At the end of all experiments, fish were deeply anesthetized (0.025% benzocaine) and perfused with ice-cold, teleost Ringer solution with 10 units/ml of heparin (Elkins-Sinn, Cherry Hill, NJ), followed by 4% paraformaldehyde in 0.1 M phosphate buffer (PB). Brains were removed, postfixed overnight, and transferred to 0.1 M PB (pH 7.2) for storage. Brains were equilibrated in 30% sucrose for 24 h and then sectioned transversely at 50 µm on a freezing microtome. For brains with fluorescent dye injections (fluorescein- or rhodamine-dextran, as in the recording and lidocaine inactivation experiments), sections were collected in 0.1 M PB, mounted immediately on gelatin-subbed slides, dried overnight, and coverslipped using a fluorescent mounting medium (Vectashield, Vector Labs). Neurobiotin injections, as used in the tract-tracing experiments, were visualized using a standard avidin–biotin–peroxidase protocol. Briefly, sections were collected in PBS, permeabilized for 30 min in PBS with 0.04% Triton-X100 (Sigma), incubated for 3 h at room temperature in avidin–biotin–peroxidase in PBS (Vectastain ABC Elite, Vector Labs), rinsed twice in PB, reacted with 0.05% diaminobenzidine (Sigma) and 0.0072% H₂O₂ in PB, rinsed twice more in PB, and mounted on gelatin-subbed slides. Alternate sections were mounted on separate slides, dried overnight, cleared in xylene, and coverslipped. Later, one set of sections was stained with 0.5% cresyl violet (Sigma) to delineate the borders of the different cell clusters.

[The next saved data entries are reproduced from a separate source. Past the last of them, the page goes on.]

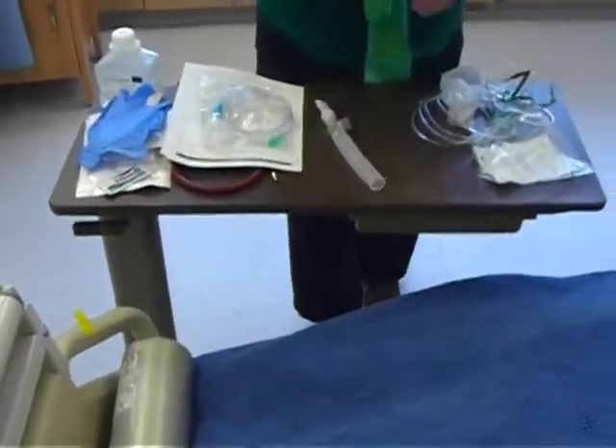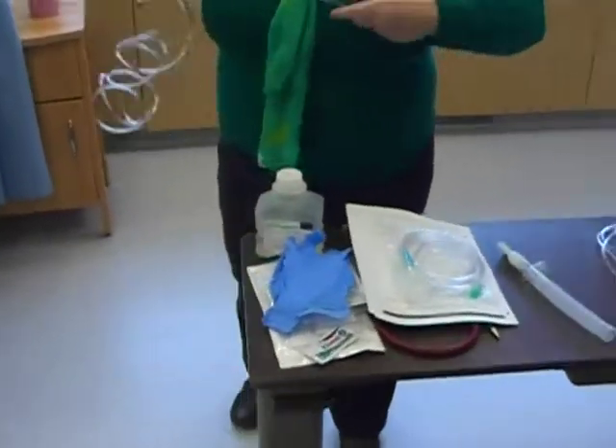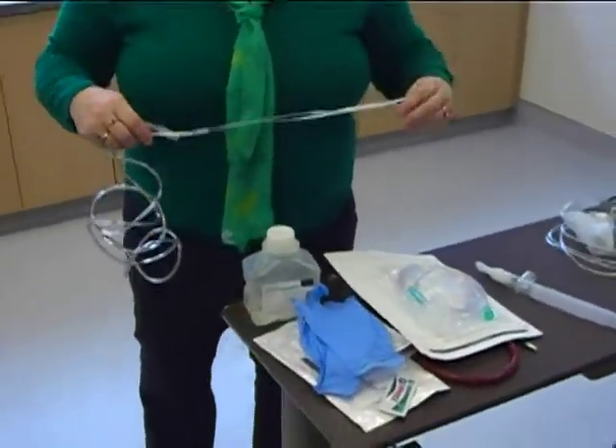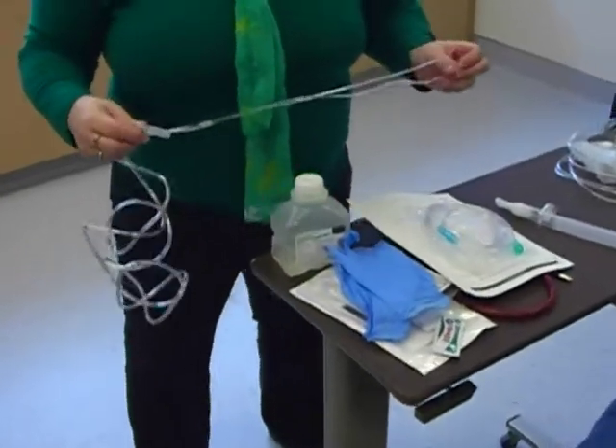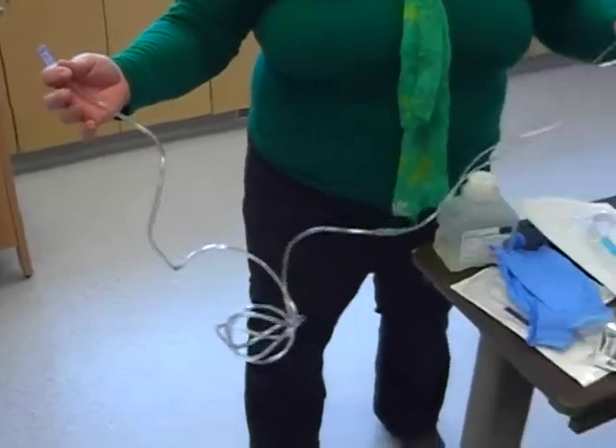Hello guys, I'm back again. This video, excuse me, it is a different week though. We're going to learn all about oxygen and how to connect a patient up to various types of oxygen.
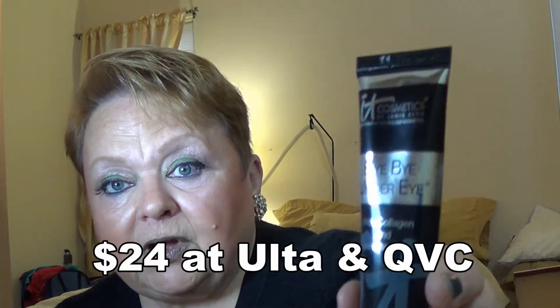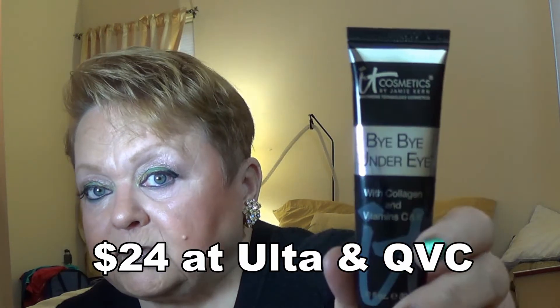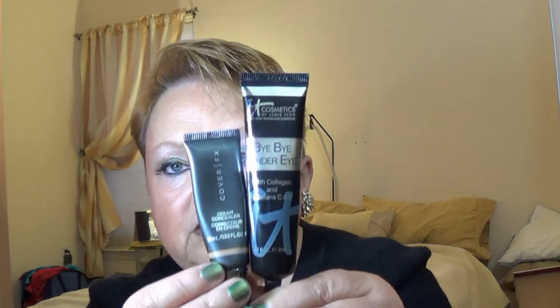So this is what the tube looks like. I don't remember what I paid for this — I think I got it on QVC — but it is available on Ulta. It's a nice size tube, one fluid ounce, 30 milliliters. It doesn't seem like a lot, but it's a big tube. Mine is in the tone Neutral Medium, and it seems to me to be a little light for something I would call medium.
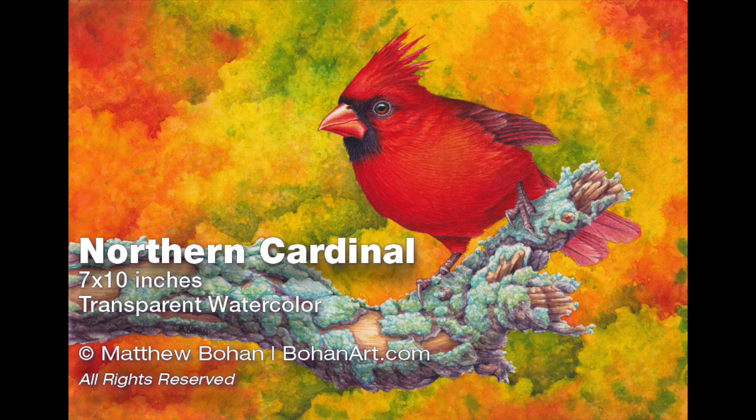Hey, it's Matt. I'm back with another painting. This time it is a 7x10 inch painting of a northern cardinal. I've painted these guys before, but I thought it would be fun to do something a little different this time. Often in the past when I've painted these, I've had them on subdued backgrounds, and I thought it might be fun to have a bright male cardinal in front of some outrageous fall colors. So if you keep watching, you'll have a peek at how I created this one.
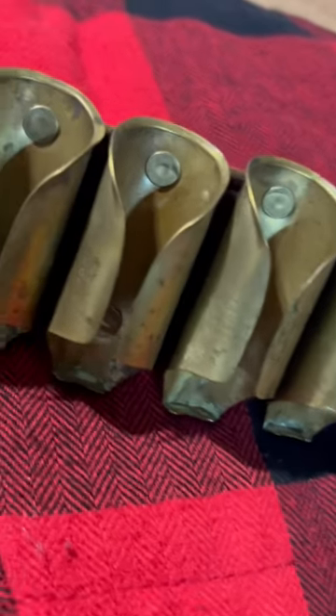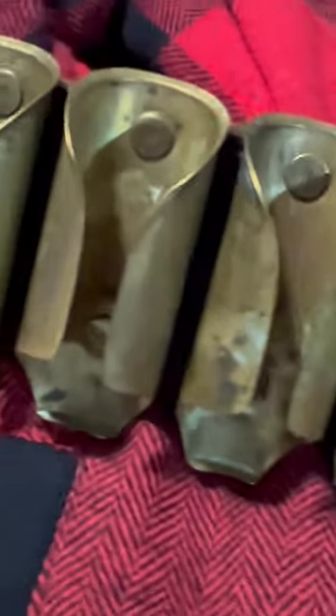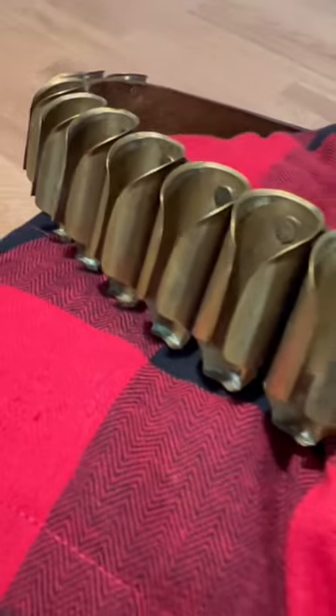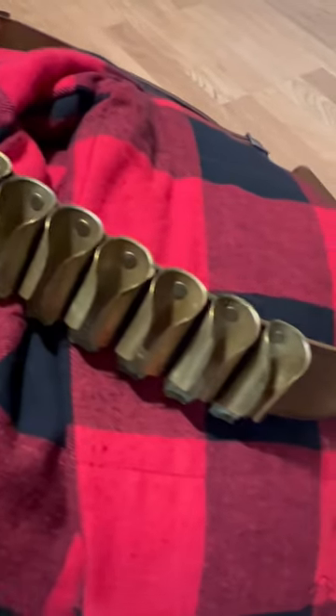Along with recondition some of the brass holders — you can see more of this in the link below, where I show the entire restoration process. Please consider subscribing to the channel if you like this content. I have much more on the channel.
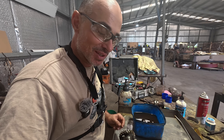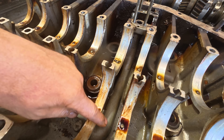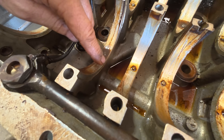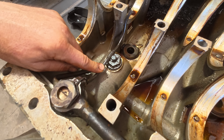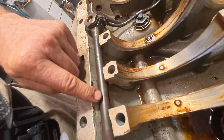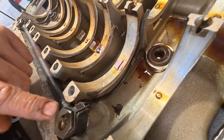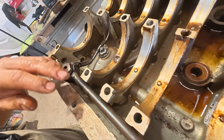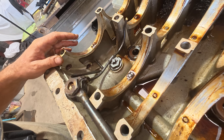We've actually got an oil gallery which is cast into here, runs through underneath, and into the oil filter housing. Each one of the gears has its own dripper. We've got to make sure that's all scrupulously cleaned and there's no crud left in here, because if any of these get blocked up then the respective gears don't get any lubrication.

Sections were examined and photomicrographs taken on a Nikon Eclipse E-800 microscope.

	RESULTS

TOP ABSTRACT INTRODUCTION METHODS RESULTS DISCUSSION GRANTS ACKNOWLEDGMENTS REFERENCES

 
Extracellular recording of vocal-related activity in PAG

Extracellular recordings were made from a total of 143 isolated units in the midbrains of 53 type I male midshipman fish, while stimulating different sites to elicit vocal output (see METHODS). Of these, a total of 48 neurons were recorded from 23 fish while vocal responses were being elicited by microstimulation of vT, a known vocal structure providing descending afferent input to the PAG (see METHODS and the last section of RESULTS). Twenty-four of these 48 neurons, in 12 fish, were confirmed histologically post hoc to be in the PAG (e.g., Fig. 6C), a compact cell layer along the periventricular surface of the midbrain (Fig. 6, A, B, and K). Recording sites were often (21/24) localized to the PAG axons just ventral to the main PAG cell body layer (e.g., Fig. 6C), but all 24 of these sites had clearly back-filled neurons within the PAG proper. Of the 24 neurons outside the PAG whose activity was also modulated by vT stimulation, 11 were localized to the ventral tectum, nine were in the midbrain tegmentum, and four were rostral of the PAG, in the dorsal thalamus; there were no back-filled neurons in the PAG in any of these recording sites. The mean and median values, including range and SDs, for spontaneous and stimulus-evoked firing properties of PAG neurons are summarized in Table 1. All cells fired spontaneous action potentials at either a low rate (8 Hz; 17 cells) or not at all (seven cells). Ventral tuberal stimulation induced an excitatory response in all PAG neurons recorded. From cell to cell, this response ranged from a single, short-latency spike (nine cells), to either a discrete burst of spikes or a broad, longer-lasting increase in firing that decayed back to the spontaneous baseline over several hundred milliseconds. In 18 of the 24 cells, the mean latency to the first poststimulus spike was <50 ms.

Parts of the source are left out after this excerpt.